The President added that he would meet with presidents of neighbouring Benin and Niger on how to stop smuggling.
The closure is also to allow Nigeria’s security forces develop a strategy on how to halt the dangerous trend with its negative impact on the government’s economic programme.
This was the first time the reason for the closure of the Seme border near Badagry in Lagos State, was given since the commencement of the exercise, ‘Ex-Swift Response, jointly conducted by the Customs, Immigration, police and military personnel and coordinated by the Office of the National Security Adviser. It is meant to last 28 days.
The partial closure is simultaneously ongoing in Nigeria’s border in three other geo-political zones.
President Buhari gave the reasons during an audience with Beninois leader Patrice Talon on the margins of the Seventh Tokyo International Conference for African Development (TICAD7), in Yokohama, Japan.

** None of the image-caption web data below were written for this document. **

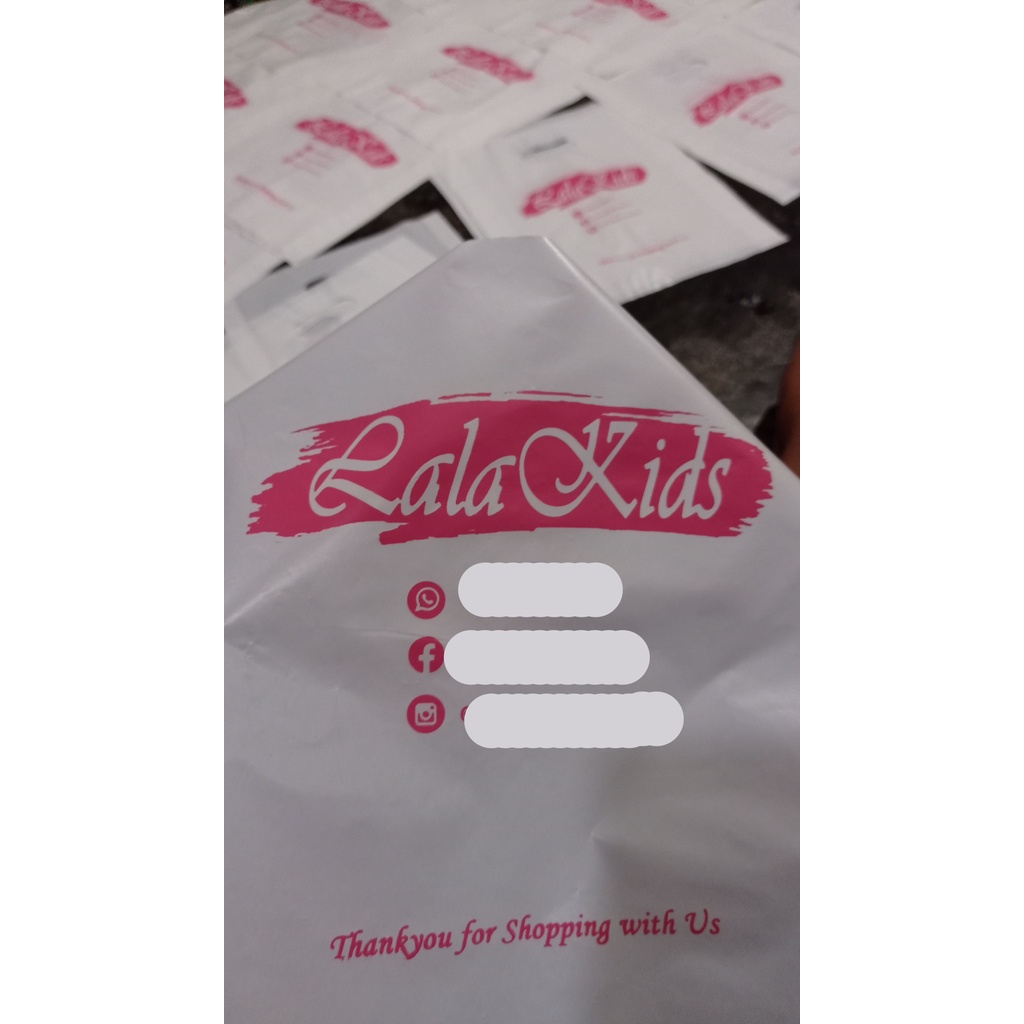 Tas Plastik Mall Kresek Plong Hd Sablon Custom 20 X 30 Untuk Hijab Olshop Murah Promo Emas Pink Free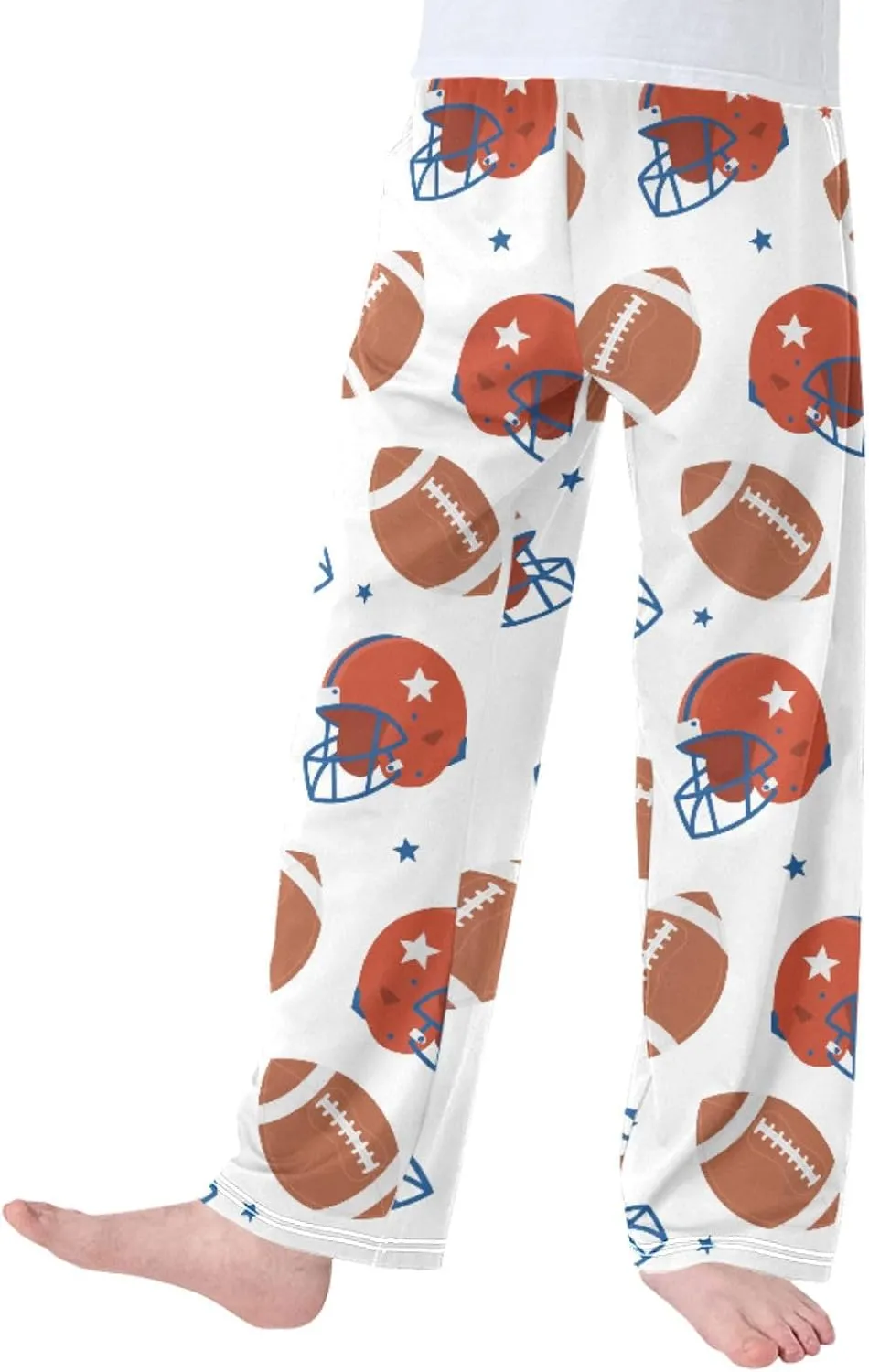 Pigsaly Boys' Pants American Football Helmets Balls Long Bottoms White Sport Stars Jogger Pants Elastic Waist Trousers S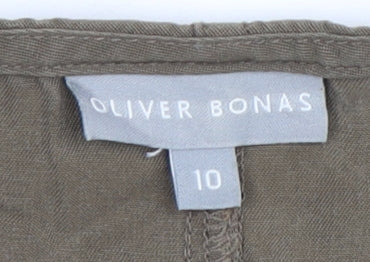 Oliver Bonas Women's Brown Button Dress Size 10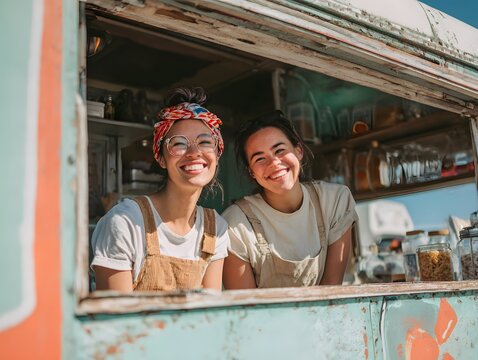 Two people at food truck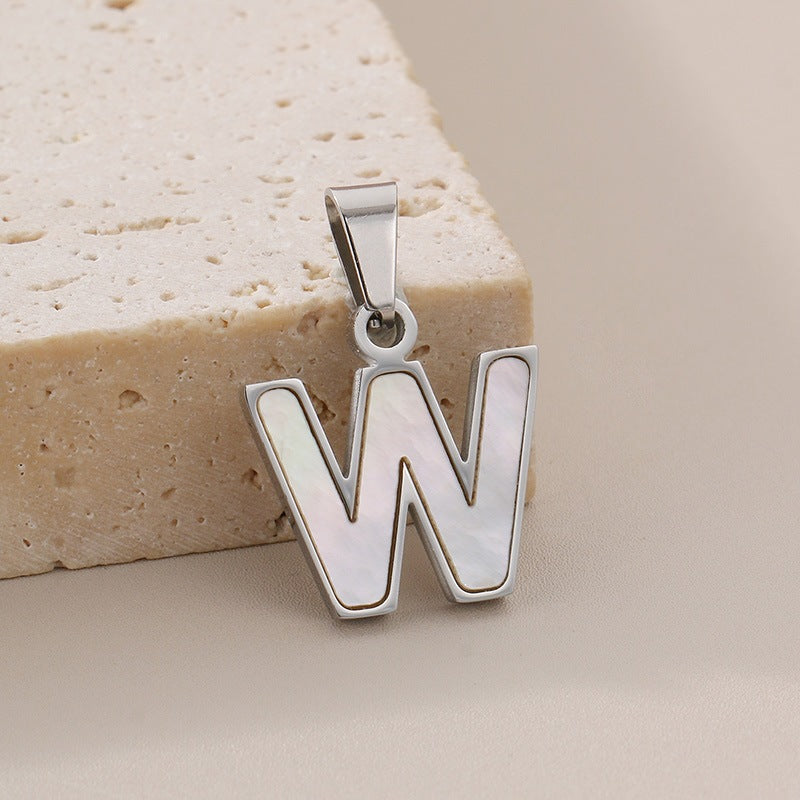 Women's'S Titanium Steel 26-Letter Pendant, White Fritillary Inlaid Stainless Steel Necklace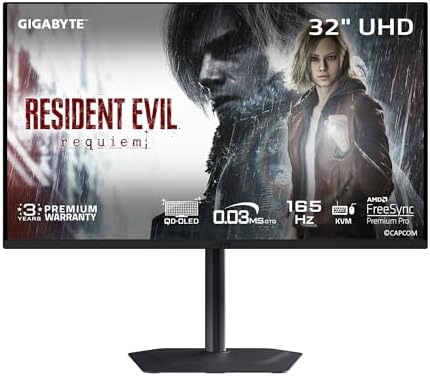 GIGABYTE   MO27U2 27 QD OLED Gaming Monitor   UHD 3840x2160 240Hz   0 03ms GTG   AMD FreeSync Premium Pro  G SYNC Compatible   Type C KVM   HDMI  DP  Type C   Height and Tilt Adjustable   Black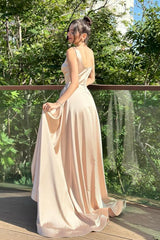 Mermaid Long Square Neck Satin Formal Prom Dress with Split Front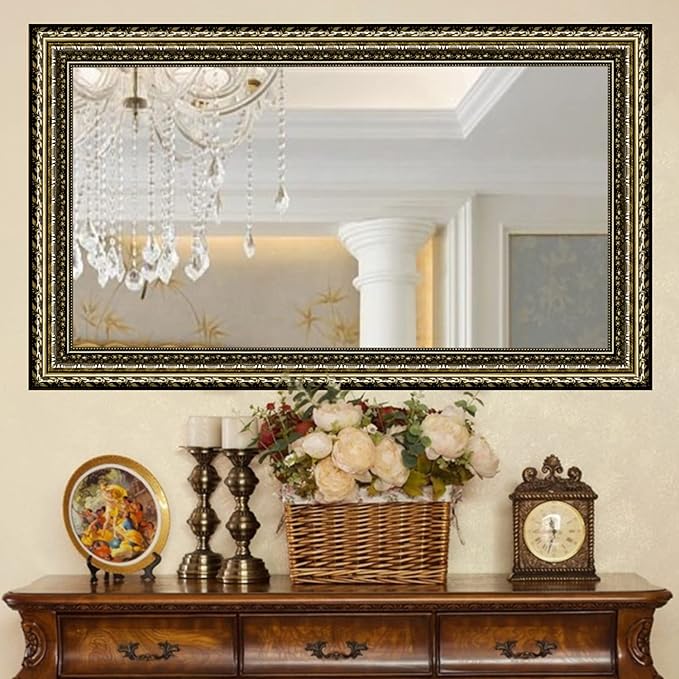 H-A Black&Gold Framed Rectangle Bathroom Mirrors for Wall,Wall Mounted Vintage Mirror Vertical or Horizontal Hanging for Living Room,Bedroom (40''x24''Vintage)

President’s spokesman Femi Adesina, in a statement, said President Buhari expressed great concern over rice smuggling.
The president said the activities of the smugglers threatened the self-sufficiency already attained due to his administration’s agricultural policies.
“Now that our people in the rural areas are going back to their farms, and the country has saved huge sums of money which would otherwise have been expended on importing rice using our scarce foreign reserves.
“We cannot allow smuggling of the product at such alarming proportions to continue,” he said.
Responding to the concerns raised by President Talon on the magnitude of suffering caused by the closure, President Buhari said he had taken note and would reconsider reopening it in the not too distant future.
He explained that a meeting with his counterparts from Benin and Niger Republics would soon be called to determine strict and comprehensive measures to curtail the level of smuggling across their borders.
The volume of rice import from Thailand in 2015 by Nigeria was 1.8 metric tons.
It came down to zero metric tons in 2017 when the Federal Government banned the importation of the staple food item to boost local production.
The action triggered a phenomenal rise in the importation of the product in neighbouring Benin Republic and Cameroon.
As a result of the smuggling and acts of sabotage by some unpatriotic elements within the security agencies, the tons of rice imported by the neighbouring countries found their way into local markets in Nigeria.